I guess you’re wondering where we’ve been

The observant among you will have noticed a slight drop in the frequency of our blog postings recently.

We’ve been back on dry land since the end of September. And now we’ve hung up our tiller pin for good and passed Felucca on to the next set of worthy adventurers.

It’s terribly sad in some ways. No more magical meanderings along canals that snake back and forth across beautiful countryside. No more navigating by bridge and lock numbers. No more waking up to a different view every morning. No more visits from friends and family. No more pub lunches every day or boat cuisine!

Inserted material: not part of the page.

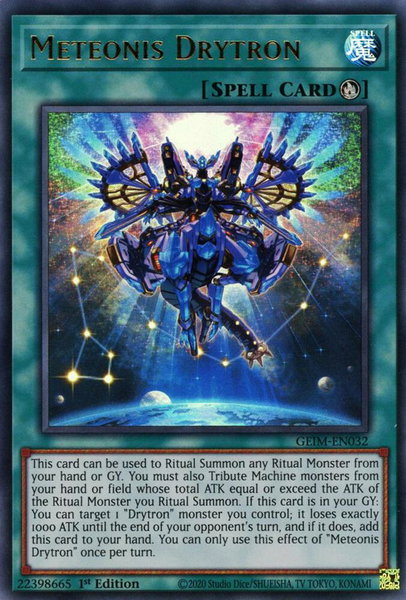 Meteonis Drytron trading card from Genesis Impact Meteonis Drytron - Genesis Impact YuGiOh trading card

Before we set off, I said to Tom, “if we hate the life, we can go back to our jobs after six months”. Eighteen months later, we’d been on all the major canals, to famous canal towns, to all seven of Robert Aickman’s wonders of the waterways, on tidal rivers, on the sea. We’d been boating in sun, rain, hail, more rain, thunder and more rain. We’d seen a lot of wildlife. I’d finally mastered the art of working locks and Tom could service an engine standing on his head.

And, hey, in plenty of other ways life is pretty damn good. We have a Margaret to play with now. And we have roses and tomatoes in the garden and a proper toaster (joy of joys) and our Felucca teapot is outside the front door. And next week we’re going for a day cruise on a part of the Lea and Stort that’s new to me.

Thank you, Felucca, for all the memories.

Posted in Uncategorized

Felucca’s route 2014

You get no posts for ages then four in one day. London Bus syndrome has struck the Felucca blog! Or maybe we just don’t want to pack.

Anyway, we have now updated the map of our travels this year. See image below – or head over to the Where We Are page for more detail and zooming in fun and descriptions.

That’s it now folks. Absolutely no more posts today. G’night.

Felucca's route 2014. From Braunston to Frouds Bridge, along the most indirect route ever.

Felucca’s route 2014. From Braunston to Frouds Bridge, along the most indirect route ever.

Posted in Cruising log, Routes

Packing

We’re at Frouds Bridge Marina now, busy packing, cleaning and generally emptying the boat of 18 months of stuff. Notice how Tom is hard at work while I swan around with a camera!

Tom hard at work with a brush

Tom hard at work with a brush

Boxes of stuff. And our new hoover just in shot. Move over David Bailey!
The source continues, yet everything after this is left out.